If you hype net-promoter scores, many will game the scoring—thus reducing the genuineness that underlay the original idea.

Fourth: the perversion of individual measurement. Most soft skills deal with our relationships to others. The drive to individually behavioralize, then metricize, has the effect of killing relationships—an ironic outcome for relationship-targeting training.

Suppose a course teaches focusing more on the customer, listening, helping others achieve their goals, helping teammates grow—worthy objectives, found in many programs.

The only reason to define those results financially is to evaluate them financially. Thus someone—somewhere between the CEO and the person getting trained—is responsible for deciding to do more, or less, relationship-building programs—by using short-term individual measurements, usually with short-term incentives.

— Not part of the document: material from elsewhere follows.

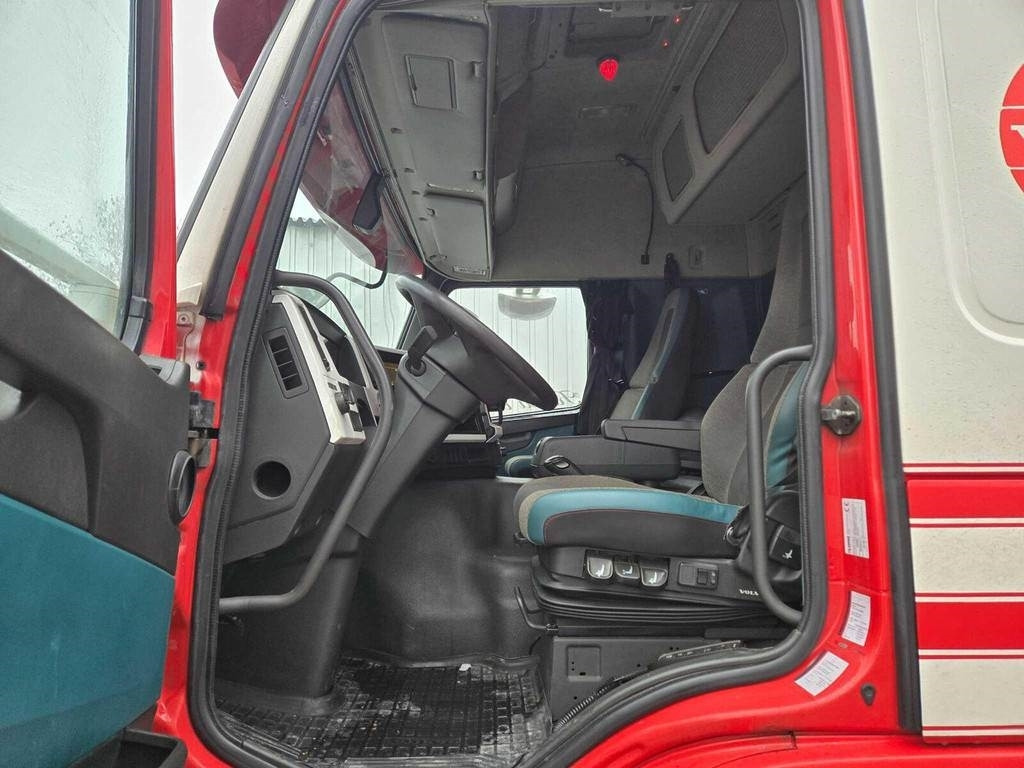 Camion fourgon Volvo FM370 4X2 SIDEOPENING: photos 6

Hence the perversity: training people to focus on relationships, by measuring and rewarding them individually.

“The more unselfish you are, the more money we’ll give you for being unselfish.
“The more you get rated as providing ‘excellent customer service,’ the more we’ll pay you” (which leads to pathetic begging by CSRs)
“The more you focus on others, the more we’ll pay you.
“Quick, get over here, I want to genuinely listen to you so I can raise my quarterly bonus and get promoted.”

Raise this perversity to the level of an industry over decades, and you can understand why pharmaceutical and brokerage companies have accrued such low ratings on trust.

So what’s the answer? Simple. And you don’t even have to give up your addiction to metrics.

Just measure subjective rankings.

Ask people these simple questions, over time:

1. Would you do that training again?
2. Would you recommend others attend?
3. Would you include it in your budget?
4. How do you rate that training compared to these other five programs?

You can run regressions, chi-squares and segmentations on that data to your heart’s content—as long as it’s measuring subjective data in ranking terms. Just stop trying to monetize interpersonal relationships by measuring ROI on soft skills training.